We can still communicate effectively but we need to understand the new rules of the game. And the main rule is that we can’t rely on our audience to pay attention for very long.

To engage attention and deliver messages effectively we need to adhere to four key principles:

Velocity

Clarity

Consistency

Accuracy

Be quick

You may have more than eight seconds - but don’t count on it. Get to the point because there will never be an ideal time to engage with the consumer. The context in which your message is received is critically important - but it’s largely outside your control. A piece of direct mail opened at the start of a busy week is in the hands of an alert consumer but it’s competing against the demands of a host of other issues. The same item opened at the end of a busy day may have less to compete against but will be received by someone who is most likely tired, jaded and distracted by the events of the day.

A hefty multi-item direct mail package that contains what Alan Sugar once memorably called “the mug’s eyeful’ is an exercise in vanity and little else.

Be clear

Eight seconds doesn’t give you too much time to play with verbal tricks, design foibles or less than obvious concepts. The need for clarity is a function of the requirement to be quick.
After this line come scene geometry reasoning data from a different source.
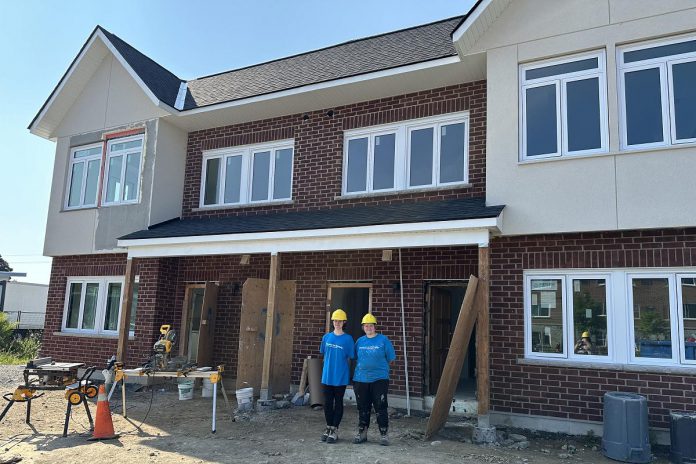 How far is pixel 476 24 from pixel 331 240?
4.35 metres

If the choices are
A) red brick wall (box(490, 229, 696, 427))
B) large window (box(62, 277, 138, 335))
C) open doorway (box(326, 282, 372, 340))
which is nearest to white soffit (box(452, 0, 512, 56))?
red brick wall (box(490, 229, 696, 427))

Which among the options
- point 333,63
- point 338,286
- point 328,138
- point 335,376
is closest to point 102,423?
point 335,376

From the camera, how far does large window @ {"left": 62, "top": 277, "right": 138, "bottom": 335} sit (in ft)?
43.0

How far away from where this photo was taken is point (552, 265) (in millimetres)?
8469

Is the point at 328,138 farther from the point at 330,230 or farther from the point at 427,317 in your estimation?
the point at 427,317

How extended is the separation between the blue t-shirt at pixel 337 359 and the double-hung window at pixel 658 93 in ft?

Make your message unambiguous and your offer easily understood.

Be consistent

In a short timescales it makes sense to leverage the power of the brand that you are promoting. All the emotional baggage and value that comes as an inherent part of a successful brand doesn’t need to be explained - it’s already understood by the recipient. Exploit the brand and squeeze every last ounce of benefit from it that you can manage. Choices of papers, colours, typography, finishes, inks and wrappings all send subliminal messages about brand value and worth.

Accuracy

Having honed your message down to the size of a cocktail hors d’oeuvre, you need to be sure that it’s being handed over to the right consumer. You need to sweat the big data to ensure that you are taking the right message to the right people. The greater the accuracy of your mailing list, the greater the value it will add to your campaign.

So is direct marketing in trouble? If you have got this far and remember the question that I posed at the beginning, congratulations on attaining the state of Attention Ninja.

Direct marketing needs to understand the demands that technology is placing on all of us - or that we are allowing it to place upon us, to be more accurate. We will succeed when we understand that we are seeking to communicate with a society that is stressed and easily distracted - and modify our messages accordingly.